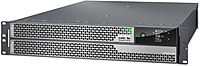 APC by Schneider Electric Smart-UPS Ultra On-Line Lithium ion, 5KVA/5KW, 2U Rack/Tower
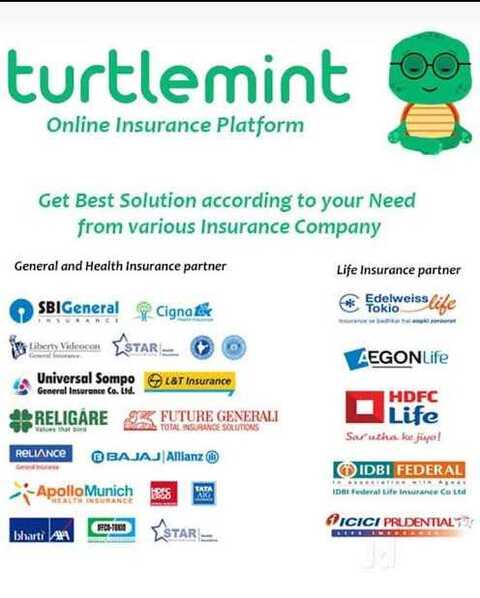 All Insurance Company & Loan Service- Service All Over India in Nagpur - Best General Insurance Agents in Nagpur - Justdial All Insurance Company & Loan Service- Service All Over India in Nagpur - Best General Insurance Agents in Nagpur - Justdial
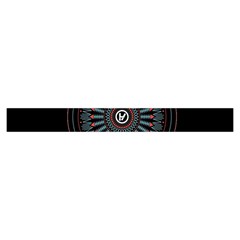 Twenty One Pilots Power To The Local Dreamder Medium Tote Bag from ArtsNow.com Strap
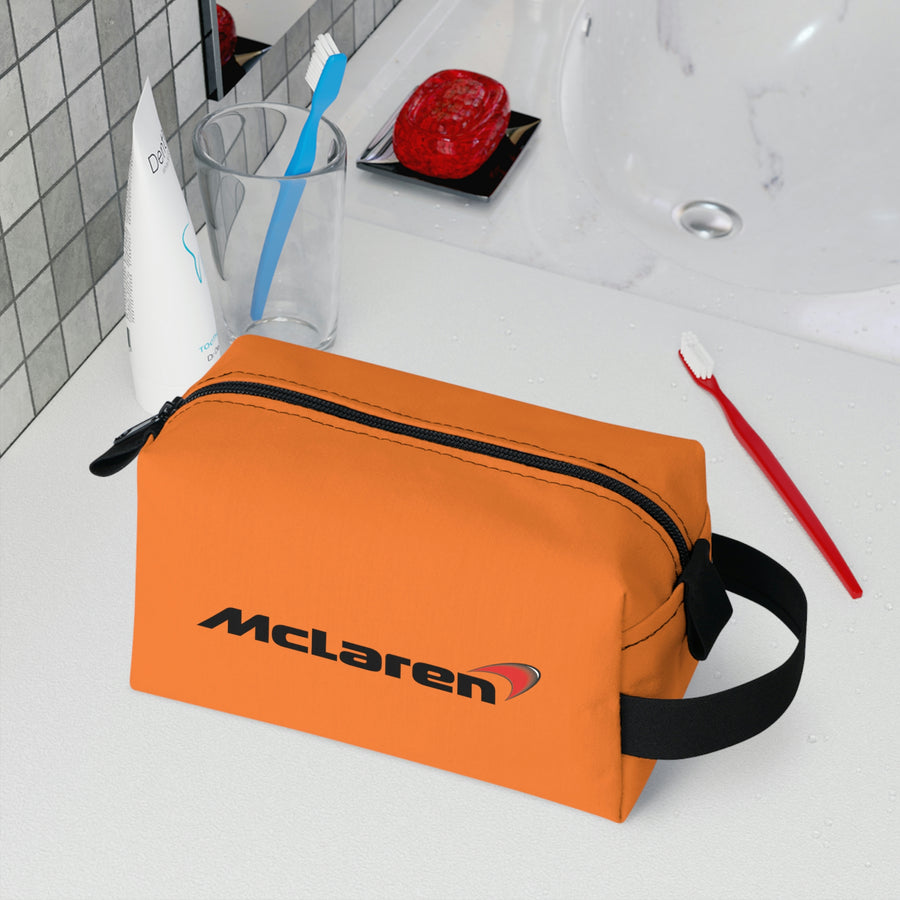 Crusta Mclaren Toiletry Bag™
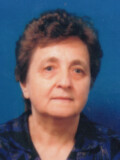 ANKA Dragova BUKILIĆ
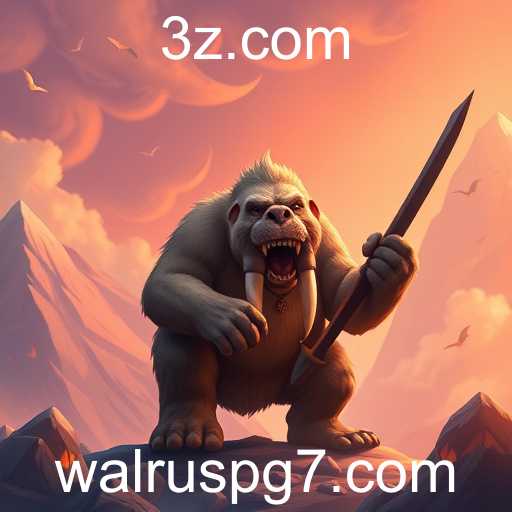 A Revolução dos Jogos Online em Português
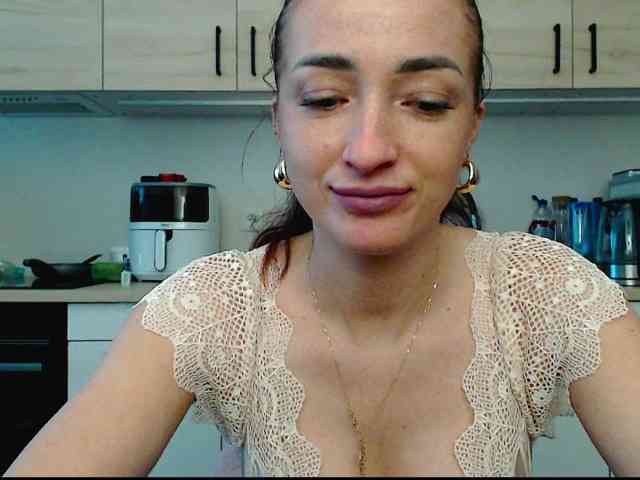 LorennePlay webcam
++++++++
Pictures aside, the material must be written out word for word.

 APC by Schneider Electric Smart-UPS Ultra On-Line Lithium ion, 5KVA/5KW, 2U Rack/Tower
 All Insurance Company & Loan Service- Service All Over India in Nagpur - Best General Insurance Agents in Nagpur - Justdial All Insurance Company & Loan Service- Service All Over India in Nagpur - Best General Insurance Agents in Nagpur - Justdial
 Twenty One Pilots Power To The Local Dreamder Medium Tote Bag from ArtsNow.com Strap
 Crusta Mclaren Toiletry Bag™
 ANKA Dragova BUKILIĆ
 A Revolução dos Jogos Online em Português
 LorennePlay webcam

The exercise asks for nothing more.